We are witnessing rising interest rates for government securities in the US and the EU. As such, there is developing concern that higher interest rates could negatively impact 2013 global GDP growth estimates.
US economists expect a strong spring housing market with a positive multiplier effect on US GDP. The present sanguine outlook, in conjunction with the Federal Reserve's $85 billion per month in asset purchases has continued to provide a strong bid for US equities.
To reiterate my concern about inflation, unit labor costs rose an eye popping 4.5% in the fourth quarter of 2012. See bls.gov. With the Dow Jones Industrial Average at roughly 14,000 and the S&P 500 at roughly 1500, the Federal Reserve now has a window to normalize interest rates, I hope we do not miss this opportunity.
I suspect that the Federal Reserve Board is beginning to gradually move toward a more hawkish posture.
We have reviewed earnings from the December 2012 quarter for about 80% of the companies that we follow. Most of the companies had single digit revenue growth for 2012 with EPS growth for the S&P 500 averaging roughly 5%. A relatively normal year by historical standards.
We believe the businesses that we own are still reasonably priced relative to historical valuations, but valuations for public companies have risen significantly over the last four 4 years, now more than 100% off the March 2009 lows.
It is becoming more difficult to find bargains, and therefore we have positioned the portfolio slightly more defensively. In doing so, we reduced speculative exposure and added diversification.
I would like to address the news surrounding sequestration, as US Federal government policy poses the most significant known headline risk to the portfolio over the next several months. It now looks like the congressional negotiations will be pushed into May.
During the 2011 debt ceiling debacle, Congress passed the Budget Control Act of 2011. According to the US House of Representatives Committee on the Budget, the Act requires the Federal government to reduce the deficit (through revenue, spending or any combination of the two) by $1.2 trillion over the next ten years. If no congressional agreement can be reached during the present negotiation period, automatic cuts (approximately 50/50 between military and domestic programs) will take effect as mandated by the Budget Control Act of 2011 through the sequestration process.
After discounting the interest expense savings and accounting for the new tax revenues which were implemented in the final moments of 2012, if sequestration is allowed the take effect, the US Federal government would have to cut spending by approximately $85 billion per YEAR.
As you are likely aware, the Federal Reserve is presently purchasing $85 billion per MONTH in assets.
If sequestration cuts $100 billion or less from annual US Federal spending, the action amounts to only slightly more than half-of-one percent of total annual US GDP output.

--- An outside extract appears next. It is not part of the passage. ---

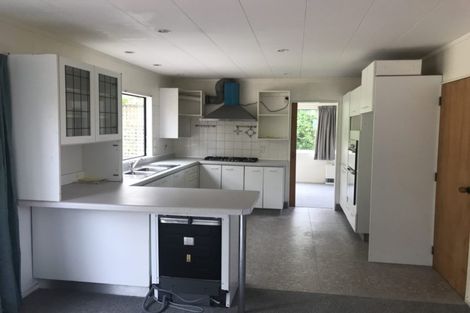 Photo of property in 17 Shastri Terrace, Khandallah, Wellington, 6035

In my estimation, sequestration would do more good for the US economy than harm, and the markets would be relieved to see US deficits moving in a positive direction.
The implication for investors, so long as any brinkmanship in Washington, D.C. does not have a sharply negative and lasting impact on US consumer and business confidence, the sequester could be an opportunity, giving equity buyers who have remained on the sidelines an entry point.